(Beginning of Data listing)

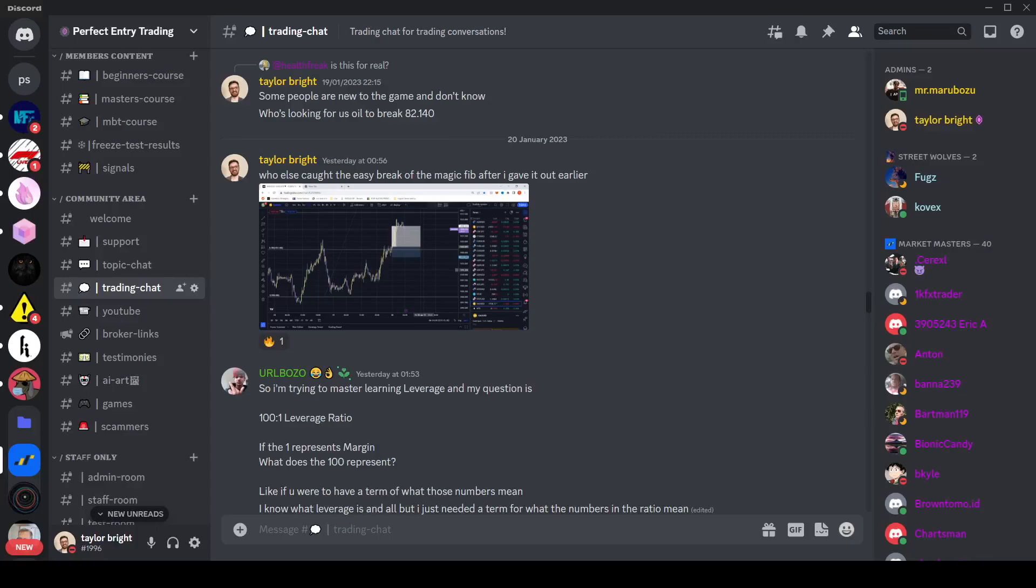Are you looking for a supportive and active Discord community that's based around trading both forex, indices, crypto and stocks? Well in this video I'm going to show you the walkthrough of the Perfect Entry Discord, how you can get in and how you can get started.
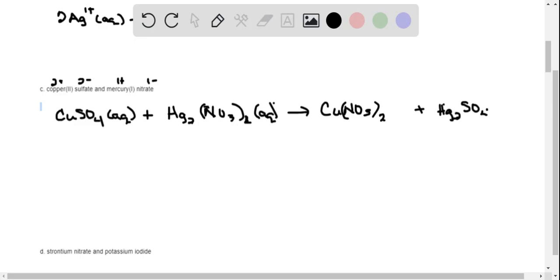Now we determine which products precipitate. Salts with nitrate are generally soluble, so copper nitrate stays aqueous. Most salts with sulfate are also soluble, except mercury sulfate — mercury is very insoluble. So even though sulfates are generally soluble, mercury combined with sulfate is insoluble. Therefore Hg₂SO₄ is our precipitate and Cu(NO₃)₂ is the aqueous solution.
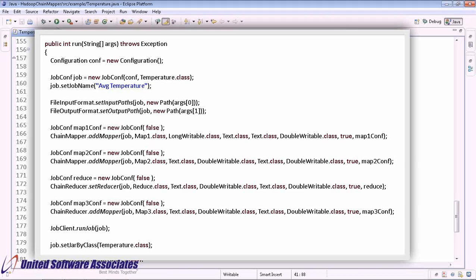Similarly, create a JobConf object map2.conf for the second mapper. Call the ChainMapper.addMapper method and pass the parameters as follows: job as the main job object, Map2.class as mapper, Text.class as input key class, DoubleWritable as input value class, Text as output key class, DoubleWritable as output value class, true as a boolean value, and map2.conf object as mapper2.conf.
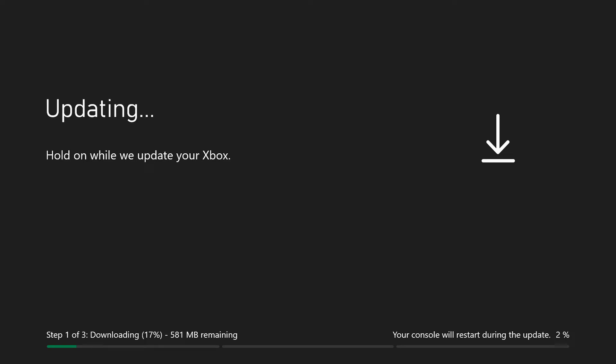The console will actually have to restart, and when it starts back up it should be running the latest version of the software. In this second stage it's now downloaded the update onto the console and it's now verifying that the update is downloaded correctly before it installs it.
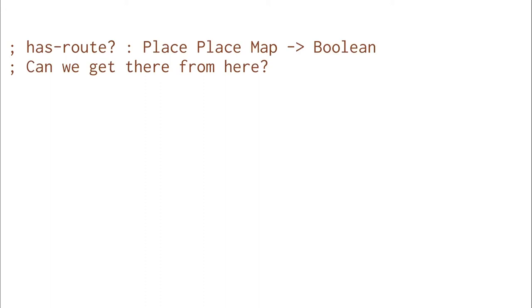Now what we really want to build is the hasroot function. Hasroot takes two places, Bloomington and Los Angeles, and a map and tells us if we can get there from here or not.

(End of Data listing)

Your task is to copy exactly the lines from the line containing "The console will" through the final line of the listing above and to omit every picture.

The console will actually have to restart, and when it starts back up it should be running the latest version of the software. In this second stage it's now downloaded the update onto the console and it's now verifying that the update is downloaded correctly before it installs it.
Now what we really want to build is the hasroot function. Hasroot takes two places, Bloomington and Los Angeles, and a map and tells us if we can get there from here or not.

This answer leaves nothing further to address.